Jhoana, 20 years old, and her family had to flee after a massacre in her village. Two of her brothers and her two cousins where killed. All male youth.
Jhoana grew up in a small village along the river in the region of Chocó, Colombia. She loved playing with her siblings and cousins, walking in the bush and went swimming. Her dream was to study veterinarian because her passion for animals. Her dream got tossed when the community repetitively was threatened and they eventually had to flee.
It was an ordinary day in March 2017 when Jhoana and other women were celebrating women’s day. The remaining village, mostly males, continued their normal activities when all of a sudden an armed group attacked. That night Jhoana couldn’t sleep due to nightmares and not knowing the extent of the massacre and not being able to go back to the village before the next day.

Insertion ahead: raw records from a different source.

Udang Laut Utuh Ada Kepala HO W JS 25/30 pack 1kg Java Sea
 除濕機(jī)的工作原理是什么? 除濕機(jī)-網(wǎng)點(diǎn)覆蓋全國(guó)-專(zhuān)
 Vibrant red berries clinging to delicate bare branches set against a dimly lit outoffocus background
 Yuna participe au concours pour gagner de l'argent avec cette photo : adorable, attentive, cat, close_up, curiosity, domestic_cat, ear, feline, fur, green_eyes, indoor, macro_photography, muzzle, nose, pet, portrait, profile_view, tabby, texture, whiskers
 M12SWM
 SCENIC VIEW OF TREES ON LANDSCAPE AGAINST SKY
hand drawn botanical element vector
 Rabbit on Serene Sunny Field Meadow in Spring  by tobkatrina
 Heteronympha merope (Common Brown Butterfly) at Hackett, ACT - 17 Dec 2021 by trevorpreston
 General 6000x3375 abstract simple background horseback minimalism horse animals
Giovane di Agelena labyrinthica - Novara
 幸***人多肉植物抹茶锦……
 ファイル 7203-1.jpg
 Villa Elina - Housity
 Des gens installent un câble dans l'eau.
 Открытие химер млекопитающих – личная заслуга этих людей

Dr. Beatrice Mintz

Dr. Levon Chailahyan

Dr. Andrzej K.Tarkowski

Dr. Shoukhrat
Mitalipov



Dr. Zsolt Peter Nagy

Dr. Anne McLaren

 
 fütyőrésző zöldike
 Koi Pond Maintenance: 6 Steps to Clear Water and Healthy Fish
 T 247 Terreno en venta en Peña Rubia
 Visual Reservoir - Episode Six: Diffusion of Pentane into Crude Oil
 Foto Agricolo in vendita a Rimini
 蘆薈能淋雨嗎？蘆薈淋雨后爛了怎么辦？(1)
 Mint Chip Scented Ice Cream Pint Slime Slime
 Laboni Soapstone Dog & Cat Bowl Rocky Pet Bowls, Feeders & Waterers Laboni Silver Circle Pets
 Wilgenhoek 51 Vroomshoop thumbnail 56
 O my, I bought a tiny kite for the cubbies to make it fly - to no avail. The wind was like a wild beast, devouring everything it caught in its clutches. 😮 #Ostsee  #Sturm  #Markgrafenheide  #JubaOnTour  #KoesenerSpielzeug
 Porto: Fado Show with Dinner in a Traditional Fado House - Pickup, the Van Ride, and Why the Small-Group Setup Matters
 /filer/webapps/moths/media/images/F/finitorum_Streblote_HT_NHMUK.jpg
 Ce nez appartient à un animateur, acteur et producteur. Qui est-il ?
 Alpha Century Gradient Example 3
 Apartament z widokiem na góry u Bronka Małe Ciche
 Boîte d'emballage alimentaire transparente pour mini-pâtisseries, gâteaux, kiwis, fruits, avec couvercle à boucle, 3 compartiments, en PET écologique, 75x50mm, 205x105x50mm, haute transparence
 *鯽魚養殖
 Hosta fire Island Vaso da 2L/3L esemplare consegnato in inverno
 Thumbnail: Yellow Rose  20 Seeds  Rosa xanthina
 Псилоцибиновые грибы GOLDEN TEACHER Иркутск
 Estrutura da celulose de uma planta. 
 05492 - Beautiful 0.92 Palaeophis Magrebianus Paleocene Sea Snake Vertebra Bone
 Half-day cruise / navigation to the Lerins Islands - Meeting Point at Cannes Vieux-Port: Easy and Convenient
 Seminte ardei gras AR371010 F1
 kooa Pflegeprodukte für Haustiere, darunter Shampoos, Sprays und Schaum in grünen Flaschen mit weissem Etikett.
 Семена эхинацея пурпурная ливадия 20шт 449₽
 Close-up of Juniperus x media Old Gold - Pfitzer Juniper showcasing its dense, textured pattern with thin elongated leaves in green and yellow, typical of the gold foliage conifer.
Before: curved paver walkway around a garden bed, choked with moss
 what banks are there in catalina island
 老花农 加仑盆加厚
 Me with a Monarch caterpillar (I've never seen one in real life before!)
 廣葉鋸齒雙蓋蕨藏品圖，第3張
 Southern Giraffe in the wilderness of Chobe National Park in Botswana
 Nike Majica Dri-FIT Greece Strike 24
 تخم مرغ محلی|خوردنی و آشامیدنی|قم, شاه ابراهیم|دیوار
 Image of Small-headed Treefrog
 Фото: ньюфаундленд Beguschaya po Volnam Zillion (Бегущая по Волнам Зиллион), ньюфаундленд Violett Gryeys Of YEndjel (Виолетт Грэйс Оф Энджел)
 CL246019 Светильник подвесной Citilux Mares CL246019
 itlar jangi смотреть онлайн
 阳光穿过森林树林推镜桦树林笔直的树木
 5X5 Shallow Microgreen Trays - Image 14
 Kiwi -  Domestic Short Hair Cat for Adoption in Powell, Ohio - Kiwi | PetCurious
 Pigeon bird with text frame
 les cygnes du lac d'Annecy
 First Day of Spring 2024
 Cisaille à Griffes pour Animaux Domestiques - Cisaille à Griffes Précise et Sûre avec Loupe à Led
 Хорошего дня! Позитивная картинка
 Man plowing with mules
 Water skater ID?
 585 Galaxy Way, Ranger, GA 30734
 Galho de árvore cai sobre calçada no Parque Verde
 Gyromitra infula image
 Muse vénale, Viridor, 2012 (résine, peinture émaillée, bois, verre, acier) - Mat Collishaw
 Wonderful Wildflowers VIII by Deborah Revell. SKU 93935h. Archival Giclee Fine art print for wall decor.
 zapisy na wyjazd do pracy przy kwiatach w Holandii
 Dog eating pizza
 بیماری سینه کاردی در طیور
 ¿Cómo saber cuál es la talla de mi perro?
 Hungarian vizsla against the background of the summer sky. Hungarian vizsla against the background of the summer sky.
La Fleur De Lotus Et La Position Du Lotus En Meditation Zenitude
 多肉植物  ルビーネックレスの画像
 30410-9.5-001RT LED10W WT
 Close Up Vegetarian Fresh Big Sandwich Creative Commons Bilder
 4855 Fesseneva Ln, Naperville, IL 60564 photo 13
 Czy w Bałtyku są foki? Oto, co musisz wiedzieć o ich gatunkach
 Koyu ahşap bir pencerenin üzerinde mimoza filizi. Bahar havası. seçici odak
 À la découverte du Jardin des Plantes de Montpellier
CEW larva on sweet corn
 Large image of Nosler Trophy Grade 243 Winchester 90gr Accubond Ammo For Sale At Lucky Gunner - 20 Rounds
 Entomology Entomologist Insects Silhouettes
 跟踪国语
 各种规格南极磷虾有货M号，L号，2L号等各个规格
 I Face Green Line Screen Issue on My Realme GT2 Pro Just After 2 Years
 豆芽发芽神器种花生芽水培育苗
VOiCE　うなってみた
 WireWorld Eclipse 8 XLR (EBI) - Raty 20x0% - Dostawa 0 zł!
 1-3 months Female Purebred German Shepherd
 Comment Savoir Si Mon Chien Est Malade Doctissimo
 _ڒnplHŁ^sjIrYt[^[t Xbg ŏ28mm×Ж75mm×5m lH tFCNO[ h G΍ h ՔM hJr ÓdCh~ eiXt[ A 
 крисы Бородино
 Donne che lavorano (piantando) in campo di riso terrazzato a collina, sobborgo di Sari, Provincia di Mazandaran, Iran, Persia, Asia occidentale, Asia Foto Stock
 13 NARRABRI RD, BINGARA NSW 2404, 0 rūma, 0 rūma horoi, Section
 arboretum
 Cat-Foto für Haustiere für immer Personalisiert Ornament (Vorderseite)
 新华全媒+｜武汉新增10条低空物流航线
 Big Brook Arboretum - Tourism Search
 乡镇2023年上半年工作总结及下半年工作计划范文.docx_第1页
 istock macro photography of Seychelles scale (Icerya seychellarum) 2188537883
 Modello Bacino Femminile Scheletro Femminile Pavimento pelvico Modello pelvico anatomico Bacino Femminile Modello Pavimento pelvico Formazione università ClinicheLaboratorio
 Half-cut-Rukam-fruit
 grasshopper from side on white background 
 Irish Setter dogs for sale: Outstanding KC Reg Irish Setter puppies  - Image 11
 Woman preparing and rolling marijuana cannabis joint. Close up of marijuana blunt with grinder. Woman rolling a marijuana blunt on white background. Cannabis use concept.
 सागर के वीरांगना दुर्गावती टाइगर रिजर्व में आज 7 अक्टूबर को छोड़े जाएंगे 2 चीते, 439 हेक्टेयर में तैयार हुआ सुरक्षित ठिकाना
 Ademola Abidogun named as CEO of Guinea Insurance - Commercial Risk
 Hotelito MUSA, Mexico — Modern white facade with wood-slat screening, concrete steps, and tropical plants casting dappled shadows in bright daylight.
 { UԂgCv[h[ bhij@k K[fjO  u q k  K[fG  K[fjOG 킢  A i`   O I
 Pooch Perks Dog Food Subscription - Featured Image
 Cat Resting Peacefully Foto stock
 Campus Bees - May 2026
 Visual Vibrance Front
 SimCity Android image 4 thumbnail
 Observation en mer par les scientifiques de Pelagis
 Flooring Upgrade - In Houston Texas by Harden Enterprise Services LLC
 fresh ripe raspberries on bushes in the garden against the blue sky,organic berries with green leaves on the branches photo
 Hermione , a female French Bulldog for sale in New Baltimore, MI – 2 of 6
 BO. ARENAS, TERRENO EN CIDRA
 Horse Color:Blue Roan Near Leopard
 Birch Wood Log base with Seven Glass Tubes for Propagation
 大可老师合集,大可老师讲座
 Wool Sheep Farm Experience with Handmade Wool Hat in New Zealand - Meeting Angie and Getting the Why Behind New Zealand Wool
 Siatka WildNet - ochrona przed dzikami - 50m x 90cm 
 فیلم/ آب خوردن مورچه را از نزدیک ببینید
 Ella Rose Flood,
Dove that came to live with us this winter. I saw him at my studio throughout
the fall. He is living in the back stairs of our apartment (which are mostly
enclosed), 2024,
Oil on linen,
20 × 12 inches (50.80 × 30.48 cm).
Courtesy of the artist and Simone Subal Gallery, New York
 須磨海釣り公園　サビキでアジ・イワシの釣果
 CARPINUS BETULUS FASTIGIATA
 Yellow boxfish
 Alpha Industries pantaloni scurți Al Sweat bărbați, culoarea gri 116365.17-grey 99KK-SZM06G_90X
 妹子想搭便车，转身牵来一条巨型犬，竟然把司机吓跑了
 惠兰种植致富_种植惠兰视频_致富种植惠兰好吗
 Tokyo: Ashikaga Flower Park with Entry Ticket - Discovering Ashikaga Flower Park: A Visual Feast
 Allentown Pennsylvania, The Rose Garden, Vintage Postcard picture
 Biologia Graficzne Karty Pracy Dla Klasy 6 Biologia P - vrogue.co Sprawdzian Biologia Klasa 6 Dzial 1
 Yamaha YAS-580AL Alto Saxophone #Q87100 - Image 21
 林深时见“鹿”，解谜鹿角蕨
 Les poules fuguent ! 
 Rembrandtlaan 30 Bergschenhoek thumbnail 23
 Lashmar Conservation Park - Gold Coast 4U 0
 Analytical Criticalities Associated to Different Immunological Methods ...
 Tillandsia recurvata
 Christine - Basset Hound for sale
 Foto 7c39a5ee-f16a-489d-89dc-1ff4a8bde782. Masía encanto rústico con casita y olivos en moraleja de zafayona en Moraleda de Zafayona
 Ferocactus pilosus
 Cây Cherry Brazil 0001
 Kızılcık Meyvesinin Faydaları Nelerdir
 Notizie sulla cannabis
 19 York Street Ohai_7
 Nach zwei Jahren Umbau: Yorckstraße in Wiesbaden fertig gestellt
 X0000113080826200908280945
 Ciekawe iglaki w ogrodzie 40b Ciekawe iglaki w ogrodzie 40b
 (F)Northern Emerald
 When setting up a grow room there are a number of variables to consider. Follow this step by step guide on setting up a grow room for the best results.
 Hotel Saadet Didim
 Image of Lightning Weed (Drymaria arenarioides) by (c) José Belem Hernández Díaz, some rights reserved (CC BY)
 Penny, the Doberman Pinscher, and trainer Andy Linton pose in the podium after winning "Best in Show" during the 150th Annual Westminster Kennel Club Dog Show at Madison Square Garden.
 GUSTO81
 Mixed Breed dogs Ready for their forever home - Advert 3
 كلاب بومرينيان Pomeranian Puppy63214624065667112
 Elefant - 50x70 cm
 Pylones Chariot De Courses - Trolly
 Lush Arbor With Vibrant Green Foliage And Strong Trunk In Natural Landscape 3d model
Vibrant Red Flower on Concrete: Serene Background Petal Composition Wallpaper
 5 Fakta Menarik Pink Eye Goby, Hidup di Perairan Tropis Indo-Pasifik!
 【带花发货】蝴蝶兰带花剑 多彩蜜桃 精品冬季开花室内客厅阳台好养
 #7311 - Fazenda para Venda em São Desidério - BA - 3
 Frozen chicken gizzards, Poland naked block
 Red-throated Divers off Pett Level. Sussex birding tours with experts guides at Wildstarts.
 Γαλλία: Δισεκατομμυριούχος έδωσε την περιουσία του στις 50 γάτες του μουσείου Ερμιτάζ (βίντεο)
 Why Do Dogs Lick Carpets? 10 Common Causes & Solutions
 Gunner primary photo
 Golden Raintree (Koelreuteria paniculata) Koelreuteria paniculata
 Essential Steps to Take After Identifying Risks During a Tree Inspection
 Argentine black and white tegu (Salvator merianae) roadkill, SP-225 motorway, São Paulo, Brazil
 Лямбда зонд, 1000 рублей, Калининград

The next day they witnessed several dead and wounded youths and she was devastated. Not one, but two of her elderly brothers had lost their lives. One where tied up and the other one was laying dead on a rooftop with rain poring down on the body. Furthermore, two cousins and a family friend, all young, and all males also lost their life’s.
Today, the village is abandon and appears more like a ghost town. Jhoana and her family are now too afraid to return to their village because of the uncertainty that follows and if another massacre will happen again.
Now, her daily activities are restricted to short trips; when she leaves the house, she does not go far and she coordinates her trips with relatives. A common daily activity can consist of meeting her cousins at the pier and watch them swim. Or, she will only hang out in their house. At home, where she spends most of her time, she writes her diary to cope with the massacre and the loss of her two older brothers. She also does her homework in secondary school, or, she helps her mom with cooking and takes care of her 12-year-old niece, Yurani, that lost her dad in the massacre. She now feels that she has to support her family because her parents are old and the two oldest brothers are gone.
She continuously strives to stay positive and cope with the massacre. “With the heart broken I have to be brave. Forget bad things and bring positive things. Even with this pain, I want to get ahead. I have to fight for positive things to happen”.
Hopes for the future
The only way she can fulfil her dream and help her family is to leave the village and continue studying, but there is no money to study for. “I now have a 12-year old niece and I would like to be a good example for her. My nieces father was killed in the massacre and her mother died due to illness prior. Thus, if I go on to study and build my life I will then get a good job and she will hopefully acquire strength to achieve the same”.
Jhoana is hoping for peace in Colombia, but she is not sure if that will happen. She has realized that there is no future in the village she is displaced and the road is unfortunately short for youth to armed groups and drugs. Thus, she believes the path lies in education and underline the importance to reach a common agreement in peace in order to progress the country.
Message to youth
“If you want something you can achieve it, therefore you should proceed it”. “Even if someone hurts you, you have to be strong and get ahead”. She continues, “while you are alive you have to be brave, even if you smile outside and cry inside we should proceed with our dreams”.
“Don’t believe in negative things, don’t fall into bad vicious, be ambitious in a positive matter, and fight for the future and don’t be defeated”.